What needs to be done —
Which lines of the records contain the word "April"? Show each of them.

Source material —
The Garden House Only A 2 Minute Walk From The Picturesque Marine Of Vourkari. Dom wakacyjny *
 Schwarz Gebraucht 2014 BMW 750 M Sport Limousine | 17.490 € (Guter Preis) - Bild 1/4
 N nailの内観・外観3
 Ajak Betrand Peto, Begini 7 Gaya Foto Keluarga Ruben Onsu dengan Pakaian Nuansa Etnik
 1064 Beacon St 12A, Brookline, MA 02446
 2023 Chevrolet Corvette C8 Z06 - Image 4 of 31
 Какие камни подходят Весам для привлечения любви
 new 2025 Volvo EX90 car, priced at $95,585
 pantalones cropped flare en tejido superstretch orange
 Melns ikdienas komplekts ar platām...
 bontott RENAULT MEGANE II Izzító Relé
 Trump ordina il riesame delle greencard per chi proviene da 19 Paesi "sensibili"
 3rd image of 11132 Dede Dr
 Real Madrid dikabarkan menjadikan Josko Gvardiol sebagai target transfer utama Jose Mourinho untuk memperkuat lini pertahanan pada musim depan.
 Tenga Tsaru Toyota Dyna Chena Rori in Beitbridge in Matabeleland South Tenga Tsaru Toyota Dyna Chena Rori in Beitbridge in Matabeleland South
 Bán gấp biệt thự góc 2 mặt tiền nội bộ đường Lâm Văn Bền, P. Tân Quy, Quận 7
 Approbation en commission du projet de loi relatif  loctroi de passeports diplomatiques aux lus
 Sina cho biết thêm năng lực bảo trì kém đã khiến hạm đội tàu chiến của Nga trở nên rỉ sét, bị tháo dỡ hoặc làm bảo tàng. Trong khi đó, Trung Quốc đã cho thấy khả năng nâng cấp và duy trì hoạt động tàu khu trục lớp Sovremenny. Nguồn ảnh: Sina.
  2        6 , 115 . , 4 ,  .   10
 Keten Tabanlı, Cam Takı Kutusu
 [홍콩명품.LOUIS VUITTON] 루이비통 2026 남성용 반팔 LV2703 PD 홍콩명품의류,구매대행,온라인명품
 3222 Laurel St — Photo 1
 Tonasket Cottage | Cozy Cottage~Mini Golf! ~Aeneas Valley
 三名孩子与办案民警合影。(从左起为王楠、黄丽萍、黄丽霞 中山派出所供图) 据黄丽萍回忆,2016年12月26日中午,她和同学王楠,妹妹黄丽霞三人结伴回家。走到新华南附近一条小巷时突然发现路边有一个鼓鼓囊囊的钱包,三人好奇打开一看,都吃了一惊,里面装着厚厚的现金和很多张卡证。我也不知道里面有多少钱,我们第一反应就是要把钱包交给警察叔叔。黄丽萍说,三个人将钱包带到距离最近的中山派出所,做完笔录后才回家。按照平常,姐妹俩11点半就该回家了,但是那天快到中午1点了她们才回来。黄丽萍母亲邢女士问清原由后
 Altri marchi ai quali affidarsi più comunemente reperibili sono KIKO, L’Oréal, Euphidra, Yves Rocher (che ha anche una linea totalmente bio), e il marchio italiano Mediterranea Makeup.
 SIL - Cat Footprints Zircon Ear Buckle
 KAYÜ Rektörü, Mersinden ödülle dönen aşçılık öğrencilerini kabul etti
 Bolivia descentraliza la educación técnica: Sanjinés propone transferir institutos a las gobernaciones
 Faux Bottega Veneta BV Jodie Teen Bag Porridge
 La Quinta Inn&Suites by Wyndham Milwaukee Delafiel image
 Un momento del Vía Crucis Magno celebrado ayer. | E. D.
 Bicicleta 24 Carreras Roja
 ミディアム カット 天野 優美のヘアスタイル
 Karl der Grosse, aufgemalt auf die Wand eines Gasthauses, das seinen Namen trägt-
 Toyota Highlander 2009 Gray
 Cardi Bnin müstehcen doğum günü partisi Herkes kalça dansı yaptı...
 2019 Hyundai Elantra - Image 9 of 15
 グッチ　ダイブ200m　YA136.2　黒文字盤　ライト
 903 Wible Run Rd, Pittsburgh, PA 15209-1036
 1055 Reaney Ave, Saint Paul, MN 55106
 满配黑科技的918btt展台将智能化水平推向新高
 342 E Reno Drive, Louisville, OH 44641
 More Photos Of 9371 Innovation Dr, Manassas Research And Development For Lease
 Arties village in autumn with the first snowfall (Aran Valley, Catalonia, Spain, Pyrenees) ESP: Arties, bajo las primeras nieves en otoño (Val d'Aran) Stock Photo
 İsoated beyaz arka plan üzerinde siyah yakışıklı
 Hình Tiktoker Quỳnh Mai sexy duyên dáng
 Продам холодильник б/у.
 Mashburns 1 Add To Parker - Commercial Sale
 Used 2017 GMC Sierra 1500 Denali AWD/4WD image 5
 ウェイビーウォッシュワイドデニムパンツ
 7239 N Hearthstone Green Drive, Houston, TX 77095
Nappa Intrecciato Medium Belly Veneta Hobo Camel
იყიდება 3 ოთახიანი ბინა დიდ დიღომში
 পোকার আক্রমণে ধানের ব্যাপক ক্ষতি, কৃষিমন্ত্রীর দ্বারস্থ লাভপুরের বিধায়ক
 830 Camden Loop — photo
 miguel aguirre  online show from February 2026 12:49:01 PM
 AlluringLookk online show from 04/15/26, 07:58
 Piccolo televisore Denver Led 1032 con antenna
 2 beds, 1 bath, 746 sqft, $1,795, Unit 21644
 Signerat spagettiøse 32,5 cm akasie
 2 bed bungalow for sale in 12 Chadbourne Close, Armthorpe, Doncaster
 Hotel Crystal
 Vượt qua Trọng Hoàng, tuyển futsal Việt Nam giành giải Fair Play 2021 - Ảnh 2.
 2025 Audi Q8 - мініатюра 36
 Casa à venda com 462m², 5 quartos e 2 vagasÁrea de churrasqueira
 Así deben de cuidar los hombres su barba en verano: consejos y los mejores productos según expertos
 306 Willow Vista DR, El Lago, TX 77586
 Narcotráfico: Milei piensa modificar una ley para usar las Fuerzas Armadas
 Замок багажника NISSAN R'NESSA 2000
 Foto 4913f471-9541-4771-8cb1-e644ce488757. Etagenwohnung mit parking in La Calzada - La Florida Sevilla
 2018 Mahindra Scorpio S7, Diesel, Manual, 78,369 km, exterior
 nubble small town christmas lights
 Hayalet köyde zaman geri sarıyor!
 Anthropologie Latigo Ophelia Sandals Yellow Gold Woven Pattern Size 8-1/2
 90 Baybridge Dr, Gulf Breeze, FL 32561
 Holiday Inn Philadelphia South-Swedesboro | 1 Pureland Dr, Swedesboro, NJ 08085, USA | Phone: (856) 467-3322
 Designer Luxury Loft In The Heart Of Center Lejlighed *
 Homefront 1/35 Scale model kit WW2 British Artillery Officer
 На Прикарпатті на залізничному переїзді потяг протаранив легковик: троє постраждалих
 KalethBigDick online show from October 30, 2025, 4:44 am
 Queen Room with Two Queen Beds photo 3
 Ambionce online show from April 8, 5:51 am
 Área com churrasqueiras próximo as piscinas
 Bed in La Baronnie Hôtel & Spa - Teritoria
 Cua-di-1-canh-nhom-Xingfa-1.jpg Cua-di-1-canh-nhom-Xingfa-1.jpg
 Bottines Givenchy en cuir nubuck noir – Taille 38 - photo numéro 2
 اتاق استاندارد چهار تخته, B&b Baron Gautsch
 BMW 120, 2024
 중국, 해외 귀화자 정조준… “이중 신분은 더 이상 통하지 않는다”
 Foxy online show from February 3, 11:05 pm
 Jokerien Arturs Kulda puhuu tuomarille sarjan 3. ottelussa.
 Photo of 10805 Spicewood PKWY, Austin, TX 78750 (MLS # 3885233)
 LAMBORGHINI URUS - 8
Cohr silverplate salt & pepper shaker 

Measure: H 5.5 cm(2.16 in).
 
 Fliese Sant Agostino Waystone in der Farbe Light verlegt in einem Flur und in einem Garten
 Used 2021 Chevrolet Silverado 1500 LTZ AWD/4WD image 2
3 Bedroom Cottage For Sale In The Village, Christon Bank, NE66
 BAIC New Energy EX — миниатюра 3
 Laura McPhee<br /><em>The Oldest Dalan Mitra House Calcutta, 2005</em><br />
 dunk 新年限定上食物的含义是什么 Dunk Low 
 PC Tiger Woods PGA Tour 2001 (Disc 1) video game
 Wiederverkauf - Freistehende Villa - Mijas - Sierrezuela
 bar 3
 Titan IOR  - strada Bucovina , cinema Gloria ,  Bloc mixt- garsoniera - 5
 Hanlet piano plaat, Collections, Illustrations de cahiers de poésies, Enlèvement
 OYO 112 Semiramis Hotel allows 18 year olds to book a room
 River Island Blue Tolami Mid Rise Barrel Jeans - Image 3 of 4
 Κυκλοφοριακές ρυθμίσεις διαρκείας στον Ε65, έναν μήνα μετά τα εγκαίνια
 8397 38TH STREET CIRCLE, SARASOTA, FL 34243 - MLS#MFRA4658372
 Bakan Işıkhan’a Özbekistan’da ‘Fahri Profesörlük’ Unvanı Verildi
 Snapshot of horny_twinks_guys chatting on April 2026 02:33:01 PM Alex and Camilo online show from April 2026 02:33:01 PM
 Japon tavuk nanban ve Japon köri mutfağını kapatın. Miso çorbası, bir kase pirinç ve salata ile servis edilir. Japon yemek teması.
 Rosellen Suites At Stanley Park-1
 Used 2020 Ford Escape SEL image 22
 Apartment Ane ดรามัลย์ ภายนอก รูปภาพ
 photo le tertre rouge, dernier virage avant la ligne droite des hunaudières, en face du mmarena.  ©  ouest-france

Exercise solution —
 Ambionce online show from April 8, 5:51 am
 Snapshot of horny_twinks_guys chatting on April 2026 02:33:01 PM Alex and Camilo online show from April 2026 02:33:01 PM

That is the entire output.